Conductor, Pablo Heras-Casado; Director, Jay Scheib; Stage design, Mimi Lien; Costumes, Meentje Nielsen; Lighting, Rainer Casper; Video, Joshua Higgason. Amfortas, Derek Welton; Titurel, Tobias Kehre; Gurnemanz, Georg Zeppenfeld; Parsifal, Andreas Schager; Klingsor, Jordan Shanahan; Kundry, Ekaterina Gubanova
After a, by now almost normal, rather chaotic performance by DB I arrived in Bayreuth last night only an hour or so later than I had planned – my train to Frankfurt was late by 30 mins but then so was the train to Nuremberg!) So now, in extreme heat, I am in Bayreuth for 3 days to hear Parsifal, Tristan and Tannhauser. The Festspielhaus shimmered in the distance as I approached it, and most men had their jackets off.
I went to the previous Parsifal production when in Bayreuth in 2017 with some of the same personnel – Schager, Zeppenfeld and Welton – and thought it very effective, though musically quite fast (Haenchen).I saw video clips from this current Parsifal when it was a new production last year, and thought it, from the extracts I saw and heard, both musically well-led by Heras-Casado and an interesting production which, whatever its quirks, did not deviate too radically from the settings and context laid out by Wagner, and warranted a closer look – all the fuss about the special augmented reality glasses being a bit beside the point for all but a minority of the audience. There were hostile critical reviews, though – the Financial Times was particularly upset: “None of the fundamental questions (who are these knights? What kind of society have they created? Who is Kundry? What is the Grail? What is redemption?) are addressed” in the production. So it’s as good a way as any of starting this review by seeing how I responded to those questions, having experienced the production live.
There are two preliminary point to be made about the production. The first is that, unlike some regietheater productions this is pretty faithful on the whole to Wagner’s stage directions – if Wagner says there are fallen heroes in Act 2, there they are, gruesomely beheaded; there is a grail and a spear, and a full set of ritual accompaniments – various bowls and relic-holders, plus a full acted out reception of the Grail, with processions; though the setting of Act 3 Scene 1 is very far from a sunny Good Friday woodland, some flowers are brought in for the Good Friday music. These are just a few of many examples. The second is the extensive use of a live video-cameraman on stage, throughout nearly all of Act 2 and large portions of Acts 1 and 3, the video being then shown live on the huge back wall of the stage. Clearly there are points here the director wants to make, which we’ll come onto, but it is a very effective way of enlivening long relatively static scenes such as the encounter of Kundry and Parsifal in Act 2.
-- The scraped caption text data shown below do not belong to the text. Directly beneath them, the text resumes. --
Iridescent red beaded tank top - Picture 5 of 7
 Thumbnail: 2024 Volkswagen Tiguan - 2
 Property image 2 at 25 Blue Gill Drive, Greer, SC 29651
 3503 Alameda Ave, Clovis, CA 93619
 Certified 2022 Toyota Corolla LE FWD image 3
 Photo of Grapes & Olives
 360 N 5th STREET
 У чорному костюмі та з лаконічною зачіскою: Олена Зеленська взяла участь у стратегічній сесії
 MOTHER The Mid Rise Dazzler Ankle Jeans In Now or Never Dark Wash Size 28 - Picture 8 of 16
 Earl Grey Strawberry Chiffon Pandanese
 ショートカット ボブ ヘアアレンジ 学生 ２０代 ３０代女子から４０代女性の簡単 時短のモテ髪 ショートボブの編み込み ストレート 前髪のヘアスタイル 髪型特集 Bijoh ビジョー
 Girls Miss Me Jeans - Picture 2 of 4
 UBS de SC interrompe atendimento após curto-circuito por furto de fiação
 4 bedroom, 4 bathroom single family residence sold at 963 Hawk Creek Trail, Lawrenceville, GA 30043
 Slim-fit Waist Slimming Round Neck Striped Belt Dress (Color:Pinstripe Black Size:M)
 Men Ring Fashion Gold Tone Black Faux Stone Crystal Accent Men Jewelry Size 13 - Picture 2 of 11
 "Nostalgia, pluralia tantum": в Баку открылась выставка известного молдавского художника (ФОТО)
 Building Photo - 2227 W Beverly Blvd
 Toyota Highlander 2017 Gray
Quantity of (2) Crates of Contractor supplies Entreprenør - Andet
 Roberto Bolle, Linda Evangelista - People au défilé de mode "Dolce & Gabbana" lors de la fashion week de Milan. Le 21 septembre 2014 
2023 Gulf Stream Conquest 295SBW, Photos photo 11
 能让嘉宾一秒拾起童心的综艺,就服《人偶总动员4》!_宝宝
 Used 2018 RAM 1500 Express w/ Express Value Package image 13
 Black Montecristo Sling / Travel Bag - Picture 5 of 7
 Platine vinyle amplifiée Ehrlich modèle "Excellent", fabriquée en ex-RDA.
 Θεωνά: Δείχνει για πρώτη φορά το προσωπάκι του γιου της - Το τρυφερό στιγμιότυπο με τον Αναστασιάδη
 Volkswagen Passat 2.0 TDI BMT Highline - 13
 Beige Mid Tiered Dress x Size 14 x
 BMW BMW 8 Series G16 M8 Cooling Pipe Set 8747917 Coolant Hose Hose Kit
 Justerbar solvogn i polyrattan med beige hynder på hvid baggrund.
So….what of the Financial Times’ questions. It’s a mixed bag, I think. The society portrayed in Act 1 is a technological one – the setting is almost like some sort of quarry, with bright steel poles and a monstrous gleaming steel-sided Tower of Sauron affair, which flashes like a light-house during the Grail scene. The poles crackle when Kundry first approaches. The Grail Knights are military in appearance – large men, shaven heads – and wear camouflage uniforms. The latter may indicate that they are unable to show their true feelings to each other – life is transactional. Or it may be that they are people evading reality The extensive (maybe half of Act 1 Scene 1) filming of the repeated bandaging of the oozing blood from Amfortas’ wound shows they have compassion in terms of what to do with wounded bodies (or a wounded swan, who gets the same treatment) but not in relation to wounded minds. The reference to wounded minds here mainly relates to Kundry, who is much more centre stage throughout the work than is usual – she is there through the first grail scene – but it also refers to Gurnemanz: the prelude to Act 1 has a videoed encounter he has with a young woman in a dream sequence, who he is obviously deeply disturbed by. She appears at moments throughout the opera in a white gown – she is in the Grail Scene and she arrives as some sort of page to Parsifal in Act 3 scene 1 and remains on stage for the rest of the performance. So it’s fair to say that the knights have a problem with women (in particular no-one understands or can sympathise with Kundry) and that religious ritual is more important to them than real relationships……….Maybe also the video cameraman (who is dressed in military camouflage) is suggesting through the videoing something about people seeing themselves through social media and selfies rather than through the mirror of human relations. A pool of water is there in all three acts in the sets, perhaps representing a more honest way of life and the power to transform.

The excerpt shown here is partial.